During fiscal year 2009, our greatest challenge is expected to continue to be
raising sufficient capital to fund our ongoing operations, repay past due debts
and repay other debts as they become due. As of November 20, 2008, we had
$2,914,551 in total debt and accrued interest thereon either past due or due in
fiscal year 2009. If we are unable to secure additional capital as needed, then
we may be unable to satisfy these obligations which could adversely affect our
ability to continue our operations as presently conducted. In the event we were
unable to satisfy these obligations, then the holders could seek to foreclose on
our primary assets. If the holders were successful, we would be unable to
conduct our business as it is presently conducted and our ability to generate
revenue and fund our ongoing operations would be materially adversely affected.

RESULTS OF OPERATIONS

Quarter Ended September 30, 2008 compared to the Quarter Ended September 30,
2007

Revenue

Total revenue generated during the quarter ended September 30, 2008 increased by
$1,107,852 or approximately 18.1% compared with total revenue generated during
the quarter ended September 30, 2007. Most of this increase can be attributed to
CXT being the dedicated transportation provider for a major corrugated box
manufacturing plant in South Carolina for the entire first quarter of fiscal
year 2009 but only during the last month of the first quarter of fiscal year
2008.

We anticipate that our total revenue will decrease during the remaining three
quarters of fiscal year 2009 by approximately 40%. This revenue decline
primarily is a result of the loss of CXT's largest customer in November 2008
and, to a much lesser extent to the sale of the Company's logistics technology
operation to Rentar Logic, Inc. in April 2008. We are seeking to offset this
                                       30

decline by obtaining additional customers for our freight transportation and
brokerage operations as well as for the products and services offered by Rentar
Logic, Inc., our minority-owned affiliate.

Operating Expenses

Total operating expenses incurred during the quarter ended September 30, 2008
increased by $953,328 or approximately 14.3% compared with the quarter ended
September 30, 2007. Nearly all of this increase was due to a $944,436 or
approximately 17.0% increase in freight transportation expenses. The increase in
freight transportation expenses during the quarter ended September 30, 2008 was
directly attributed to the increase in freight transportation revenue as they
are variable costs that change by relatively the same percentage as freight
transportation revenue assuming a constant gross margin is maintained. We expect
freight transportation expenses during the remaining three quarters of fiscal
year 2009 to decrease proportionately with our estimated 40% decrease in freight
transportation revenue during the remaining three quarters of fiscal year 2009.

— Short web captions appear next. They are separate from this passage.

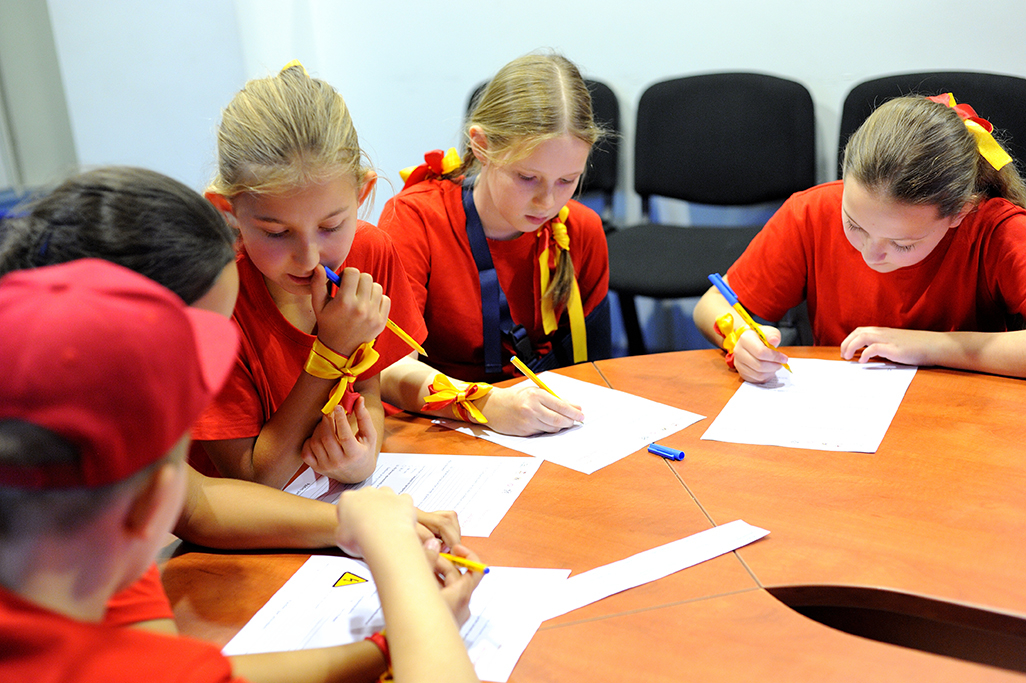 Dalībnieki atrisina uzdevumu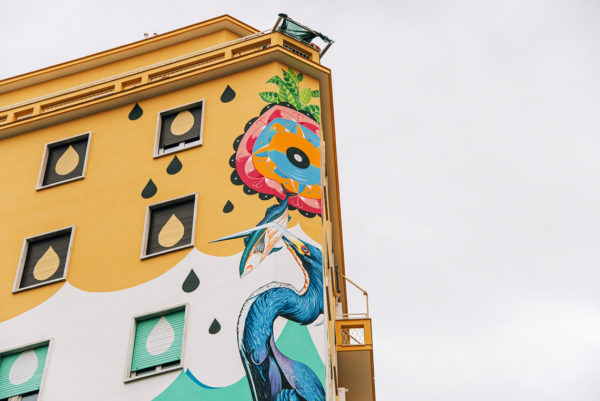 Roma, street-art mangia smog Foto Particolare del murale in pittura ecosostenibile su un palazzo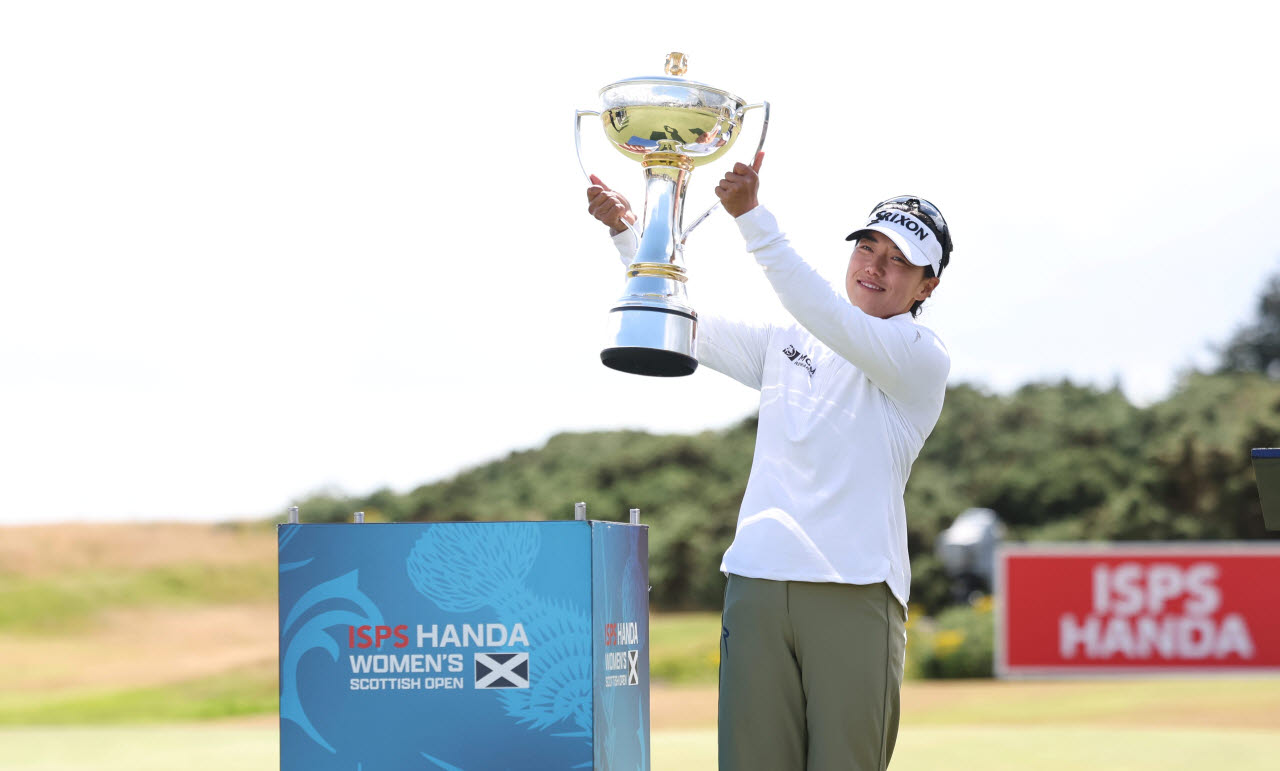 신지은이 우승트로피를 들어 올리고 있다. (사진=LPGA)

Selling, general and administrative expenses were nearly unchanged on a
percentage basis as a increase of $88,597 or approximately 13.3% in salaries,
benefits and consulting fees mostly was offset by a decrease of $79,705 or
approximately 17.2% in other selling, general and administrative expenses. The
increase in salaries, benefits and consulting expenses during the quarter ended
September 30, 2008 consisted of a $65,038 increase by our corporate operations
and a $23,559 increase by CXT. This increase was offset by a decrease in other
selling, general and administrative expenses which consisted of decreases of
$78,726 by our corporate operations and $6,498 by Power2Ship Intermodal and an
increase of $5,519 by CXT. Management expects quarterly other selling, general
and administrative expenses for existing operations during the remainder of
fiscal year 2009 to be comparable to the amount incurred during the first
quarter of fiscal year 2009.

Other Income (Expenses)

Total other expenses decreased by $1,383,382 or approximately 83.0% during the
quarter ended September 30, 2008 as compared with the quarter ended September
30, 2006. This decrease primarily was due to a decrease in interest expense, net
of interest income, of $1,306,595 or approximately 78.4%. In addition, other
expense was reduced due to a $76,787 gain on sale recorded as a result of
payments made to the Company by Rentar Logic.

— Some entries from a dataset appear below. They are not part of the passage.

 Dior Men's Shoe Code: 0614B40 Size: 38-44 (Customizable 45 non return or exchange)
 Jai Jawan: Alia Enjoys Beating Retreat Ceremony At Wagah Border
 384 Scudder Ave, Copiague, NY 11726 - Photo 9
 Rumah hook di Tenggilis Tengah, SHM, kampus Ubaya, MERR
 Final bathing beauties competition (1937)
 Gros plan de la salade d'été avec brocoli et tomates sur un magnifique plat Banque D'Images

The decrease in interest expense, net of interest income, primarily was a result
of reductions in non-cash interest expense incurred in the quarter ended
September 30, 2007 in connection with:

     -   conversions of notes payable into Series F preferred stock of $126,765;

     -   assignments of $700,000 of convertible debentures as additional
         consideration to five lenders that provided the Company with
         $2,000,000; and

     -   common stock and warrants issued for interest and debt settlements of
         $454,789;

     plus a reduction of $136,338 in discounts on notes payables recorded as
     interest expense during the quarter ended September 30, 2008.

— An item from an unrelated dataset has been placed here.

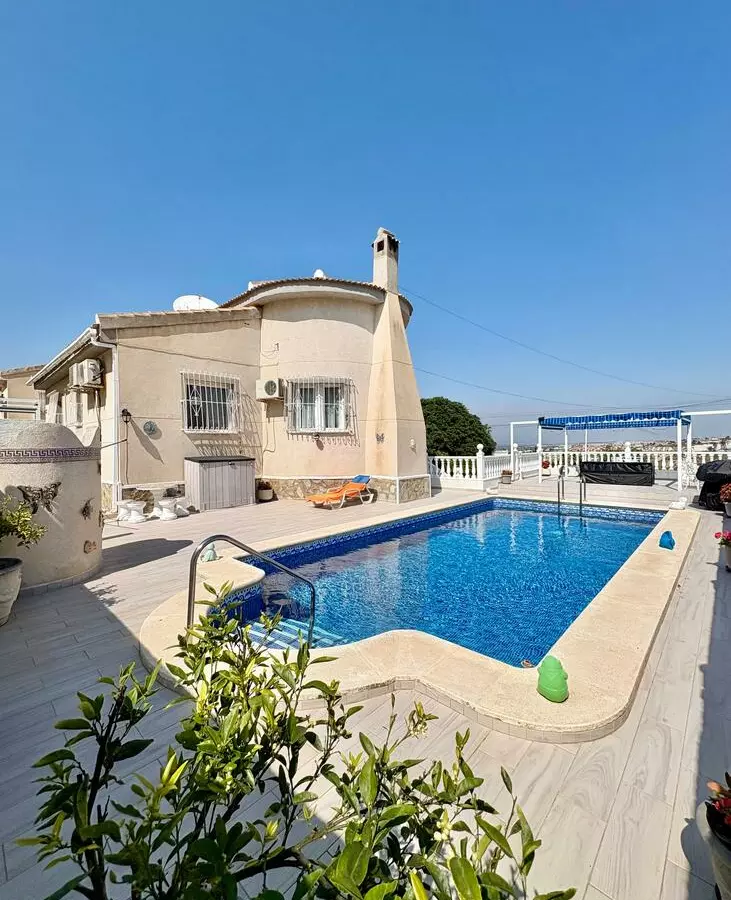 3-bedroom Villa In Rojales, Spain (146 M²)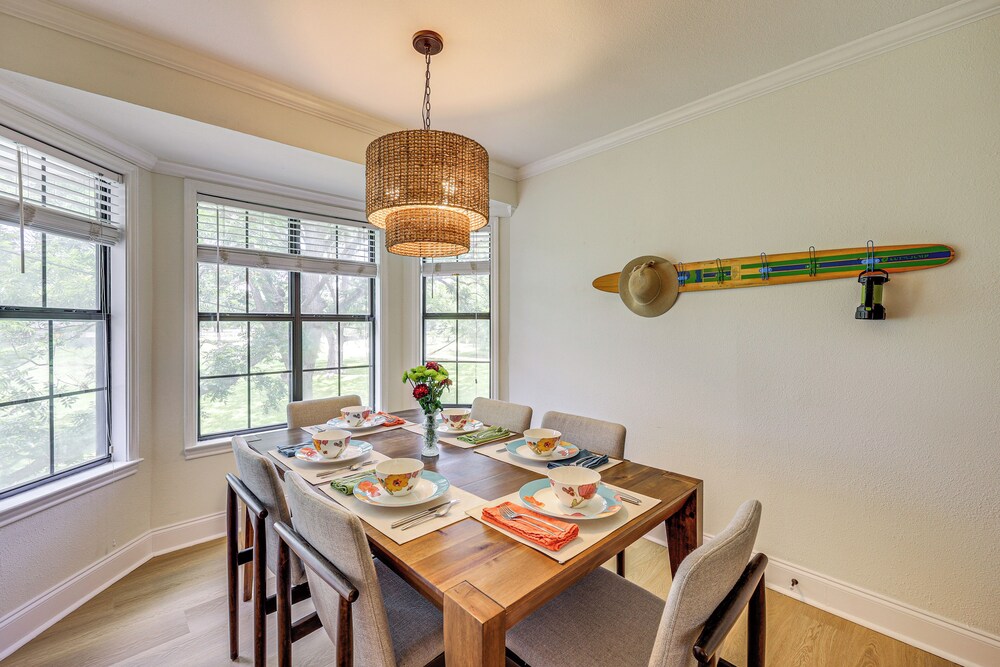 Mod on the Guad Home w/ Lake Mcqueeney Views!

     These reductions in non-cash interest expenses partially was offset by an
     increase in non-cash interest expense of $137,500 incurred in the quarter
                                       31

     ended September 30, 2008 in connection with the release of Series I
     preferred stock as a penalty for not repaying a $1,250,000 secured
     promissory note to one investor;

Management expects quarterly other expenses during the remainder of fiscal year
2009 to be lower than during the quarter ended September 30, 2008 primarily
since we are negotiating with the holders of our convertible debentures and
promissory notes to convert their some or all of their debt securities into our
equity securities. However, we cannot provide any assurance that such
negotiations will be successful and, if not, if we can raise sufficient capital
to satisfy the obligations related to these debentures and promissory note.
Further, if outstanding debt is re-structured or replaced with other debt, then
interest expense could increase as a result of costs incurred in such lending
arrangements that may include higher interest rates, penalties and other
transaction fees.

LIQUIDITY AND CAPITAL RESOURCES

We have experienced losses and negative cash flows from operations since our
inception, and the report of our independent registered public accounting firm
on our financial statements for the fiscal year ended June 30, 2008 states that
our historical financial results raise substantial doubt about our ability to
continue as a going concern. As of September 30, 2008, we had an accumulated
deficit of $37,709,285, a stockholders' deficit of $3,720,464, and unrestricted
cash and cash equivalents of $142,420.

The Company's working capital deficit decreased by $98,459 or approximately 2.2%
to $4,465,387 at September 30, 2008 as compared with $4,563,846 at June 30,
2008. This lower deficit was attributed to current assets increasing by $453,757
while current liabilities increased by $355,298.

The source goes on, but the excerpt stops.